SRIMAD-BHAGAVATAM
CHANT 5
CHAPITRE 5

Les enseignements de
Rsabhadeva à Ses fils.

VERSET 16

lokah svayam sreyasi nasta-drstir
yo rthan samiheta nikama-kamah
anyonya-vairah sukha-lesa-hetor
ananta-duhkham ca na veda mudhah

TRADUCTION

Du fait de l'ignorance, les matérialistes ne savent rien de leur intérêt véritable, de la voie qui permet de réussir sa vie; leurs désirs concupiscents les enchaînent à la jouissance matérielle et tous leurs projets sont conçus à cette fin. Pour la satisfaction éphémère de leurs sens, ces individus créent une société fondée sur l'envie.
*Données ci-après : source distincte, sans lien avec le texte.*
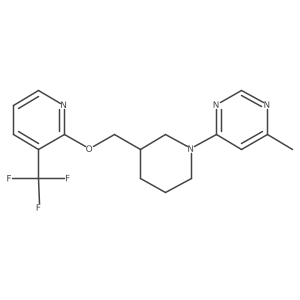 2379975-58-1 structure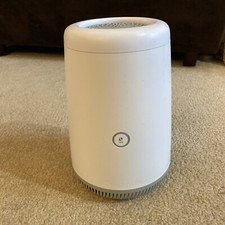 Green Wave Modem Router Used CenturyLink Greenwave Fiber Service Wifi Router C4000XG - UBB.threads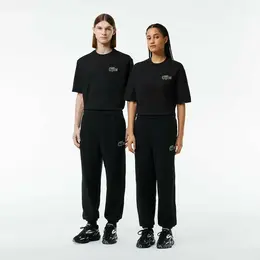 LACOSTE: Спортивные брюки 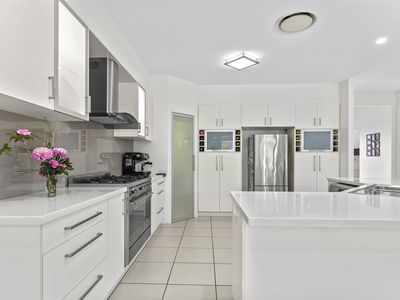 9 Toressian Place, Cashmere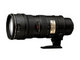 �῵ AF-S VR 70-200mm f/2.8G IF-ED(С����)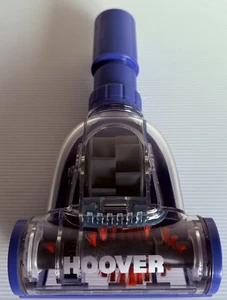Hoover Allergy Deep Clean Turbo Head - Picture 1 of 8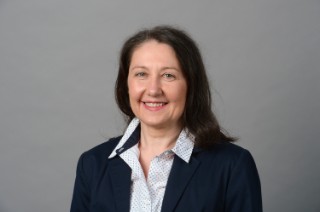 Monika Konarzycka-Bessler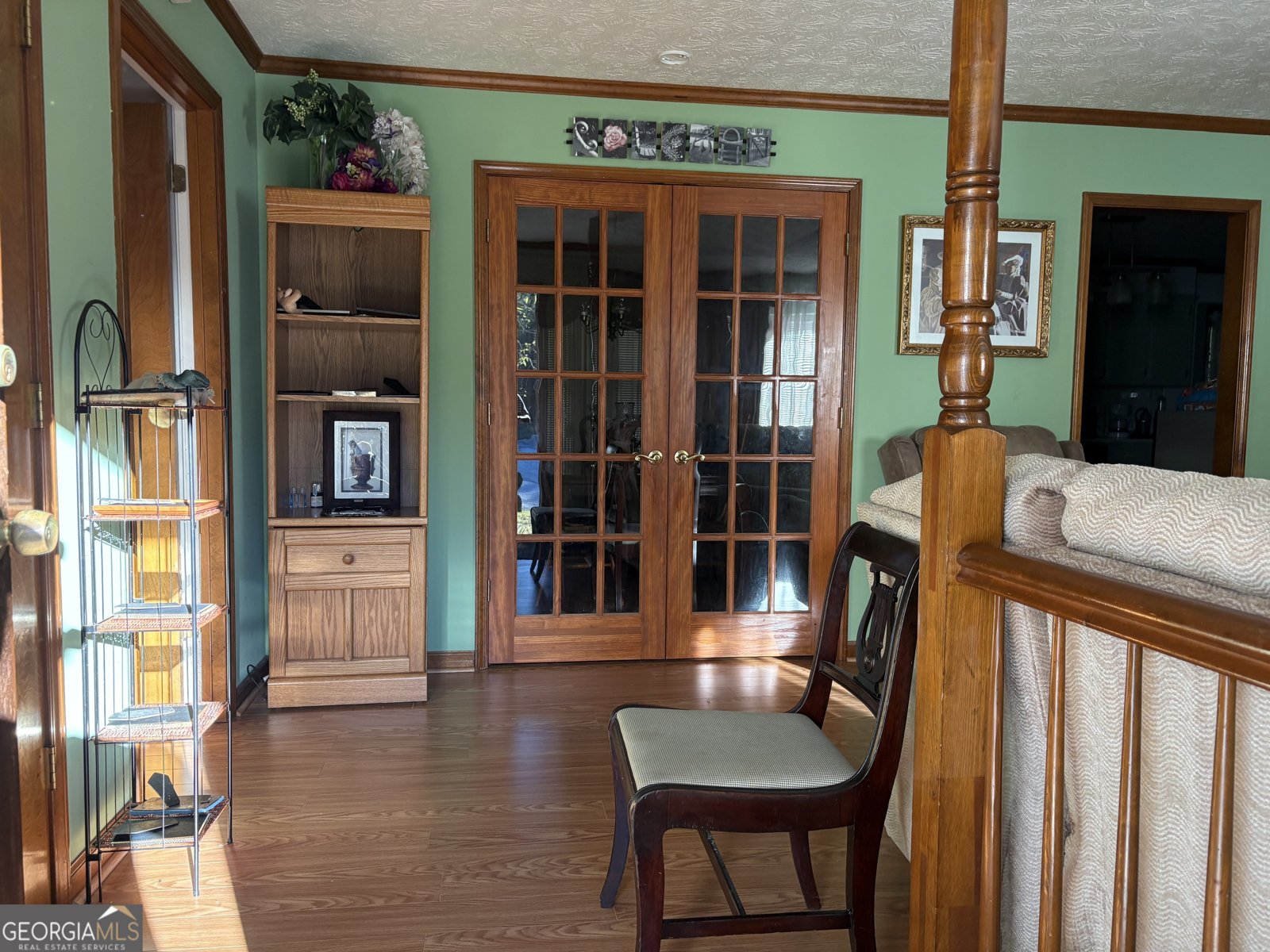 6536 Deshon Court Lithonia - 5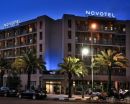 Hotel Novotel Marrakech Hivernage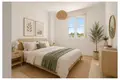 Mieszkanie 2 pokoi 82 m² Benalmadena, Hiszpania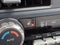 2026 Toyota Tacoma 4WD 4WD TRD Off Road Double Cab 5' Bed AT (Natl)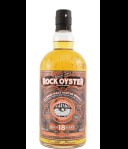 Rock Oyster 18 Years Old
Cet état d'esprit les fait sombrer dans un océan de souffrance, et dans leur sottise ils ne s'en rendent même pas compte.

TENEUR ET PORTEE

Les mots nasta-drstih, qui signifient "incapables de voir dans le futur" sont ici lourds de sens. La vie se poursuit d'un corps à un autre, et les actes accomplis au cours de cette vie portent leurs fruits de souffrance ou de plaisir dans la suivante, ou même dans celle-ci. L'être privé d'intelligence et n'ayant pas la vision pour discerner l'avenir, ne peut que se faire des ennemis et lutter contre ses semblables pour assurer la satisfaction de ses sens. Il en résulte qu'il devra souffrir dans sa vie prochaine; malgré cela, étant comme un aveugle, il continue d'agir en ce sens, et se prépare ainsi à connaître des souffrances interminables. On qualifie ce genre d'être de mudha, car il perd tout simplement son temps, et n'entend rien au service de dévotion offert au Seigneur. Celui-ci déclare dans la Bhagavad-gita (VII.25):

naham prakasah sarvasya
yogamaya-samavrtah
mudho yam nabhijanati
loko mam ajam avyayam

"Je ne Me montre jamais aux sots ni aux insensés; par Ma puissance interne (yoga-maya), Je suis pour eux voilé. Ce monde égaré ne Me connaît donc point, Moi le Non-né, l'Impérissable." La Katha Upanisad enseigne également:

avidyayam antare vartamanah
svayam dhirah panditam manyamanah

Bien qu'ignorants, les gens font appel à des hommes tout aussi aveugles qu'eux pour les diriger, si bien que les uns et les autres s'exposent à une condition misérable. Ainsi un aveugle guide-t-il un autre aveugle vers le précipice.

VERSET 17

kas tam svayam tad-abhijno vipascid
avidyayam antare vartamanam
drstva punas tam saghrnah kubuddhim
prayojayed utpathagam yathandham

TRADUCTION

Comment un être véritablement érudit, miséricordieux et avancé dans la connaissance spirituelle, peut-il inciter à l'action intéressée l'ignorant attaché à la voie du samsara et ainsi l'empêtrer encore davantage dans les rets de l'existence matérielle? Si un homme de bien voit un aveugle emprunter une voie dangereuse, comment peut-il le laisser poursuivre son chemin? Comment peut-il l'encourager dans son erreur? Aucun homme sage ou bienveillant ne saurait tolérer cela.

VERSET 18

gurur na sa syat sva-jano na sa syat
pita na sa syaj janani na sa syat
daivam na tat syan na patis ca sa syan
na mocayed yah samupeta-mrtyum

TRADUCTION

Celui qui ne peut délivrer du cycle des morts et des renaissances ceux qui dépendent de lui, ne devrait jamais devenir maître spirituel, père, mari, mère ou deva.

TENEUR ET PORTEE

Il existe de nombreux maîtres spirituels, mais Rsabhadeva suggère que personne ne devienne maître spirituel s'il n'est pas en mesure de sauver son disciple du cycle des morts et des renaissances. Or, à moins d'être un pur dévot de Krsna, nul ne peut se libérer lui-même de cet engrenage perpétuel. Tyaktva deham punar janma naiti mam eti so rjuna. On ne peut mettre un terme à la naissance et à la mort qu'en retournant à Dieu, en sa demeure originelle. Cependant, comment peut-on retourner à Dieu à moins de comprendre, en vérité, qui est le Seigneur Suprême? Janma karma ca me divyam evam yo vetti tattvatah.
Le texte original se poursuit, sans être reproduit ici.